2. It's "a shared vision or running a school in which everyone can make a contribution, and staff are encouraged to collectively undertake activities and reflection in order to constantly improve their students’ performance."
3.From SEDL: " the teachers in a school and its administrators continuously seek and share learning and then act on what they learn. The goal of their actions is to enhance their effectiveness as professionals so that students benefit."
4. Alberta Education: "The indispensable foundation is to focus on learning, not teaching."

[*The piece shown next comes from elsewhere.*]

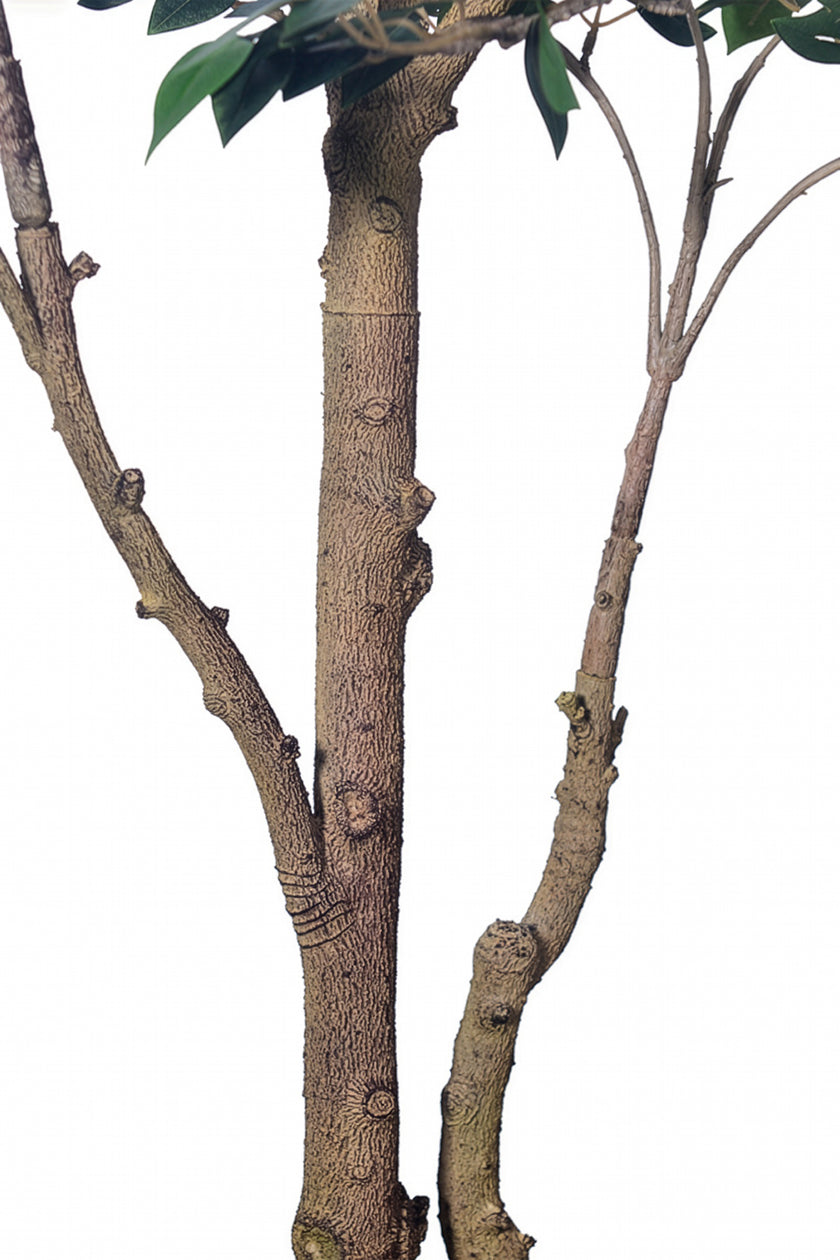 Ficus C: Artificial Ficus Tree with Mini Silk Leaves and Fine Branching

5. Professionally Speaking: where teachers and administrators take an active, reflective, collaborative, learning-oriented and growth-promoting approach to the mysteries and challenges of teaching and learning. PLC has come to mean schools where the entire staff is involved in data-based decision making about student needs, where they define school goals and directions to meet those needs and engage in ongoing study, discussion, testing and reflection to change their practice.
FIVE ATTRIBUTES OF A PLC
- supportive and shared leadership,
- collective creativity,
- shared values and vision,
- supportive conditions, and
- shared personal practice.
I'd heard of PLC's before, but I didn't really get what it meant. I couldn't grasp the concept from the subject matter it was presented in, and thought it meant all circle where you interact with other teachers. I supposed how I interact with all of you by commenting on your blogs, and replying to your comments on mine are part of my learning process, but they are not actually a PLC, because we will not be meeting and discussing outcomes and looking for solutions together, officially at least.
I hope that wherever I end up teaching next year I get to be part of a collaborative process like a PLC. I think it will have a deeper impact on my teaching than being TOLD to do something. Just like our students, I can be stubborn, and if I have some choice in the design, I am more likely to participate.
Has your school tried to implement this way of teaching and learning yet?